The report also points to women in the region spending more time on unpaid domestic or care work.

“It will not be possible to achieve equality for women in the workplace until the burden of unpaid and care work which they have historically shouldered has been resolved,” Alicia Bárcena, Executive Secretary of the Economic Commission for Latin America and the Caribbean (ECLAC) said as she presented the report at the 11th session of the Regional Conference on Women in Latin America and the Caribbean.

“This calls for the establishment of a new virtuous equation that encompasses the State, the market and the family,” she said.

The report – entitled “What kind of State? What kind of equality?” – reviews achievements made as well as the challenges facing countries in the region.

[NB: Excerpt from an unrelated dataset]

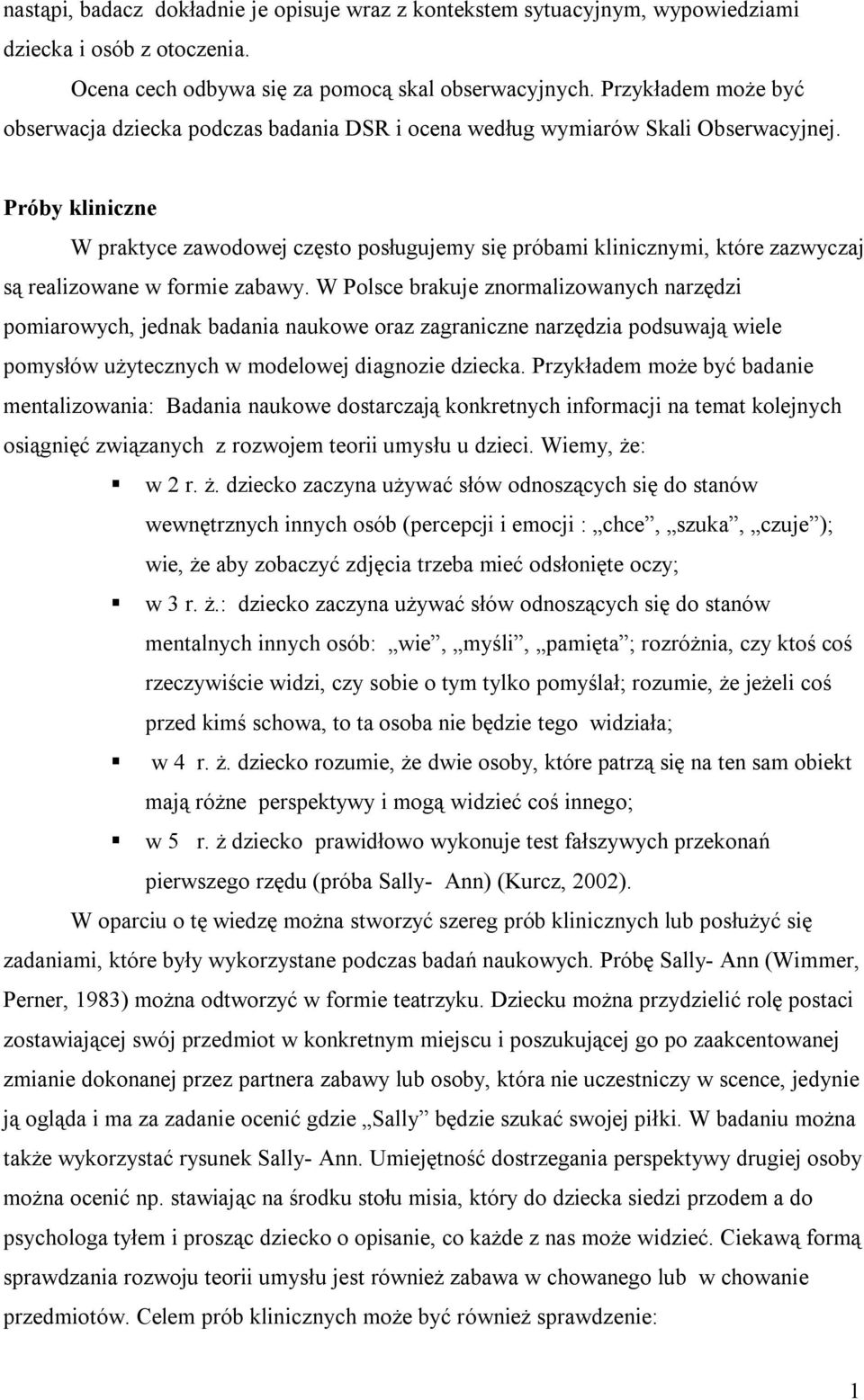 Próby kliniczne W praktyce zawodowej często posługujemy się próbami klinicznymi, które zazwyczaj są realizowane w formie zabawy.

According to ECLAC, studies of the total workload, including paid and unpaid, of men and women in different countries in the region shows two trends. In all cases, total work time is greater for women than for men, and women devote more of their time to unpaid work than men.

Figures from 2008 show that 31.6 per cent of women over the age of 15 had no income of their own, while only 10.4 per cent of men were in the same position. Also, more women than men were unemployed, at 8.3 per cent and 5.7 per cent respectively.

While the wage gap has narrowed – women’s average income rose from 69 per cent of that of men in 1990 to 79 per cent in 2008 – women continue to be overrepresented in lower-income occupations and underrepresented in senior positions. Women still receive lower wages than men for work of equal value.


The report emphasises the need to raise awareness of the economic and social value of the unpaid and care work performed by women in the region. It also stresses the importance of empowering women to exercise their right to choice, so that they can participate under equal conditions in the labour market and in decision-making.

It proposes a strategy for advancing equality, based on three main pillars: the State as a guarantor of effective entitlement to rights; equality in both public and private spheres; and redistribution of total work.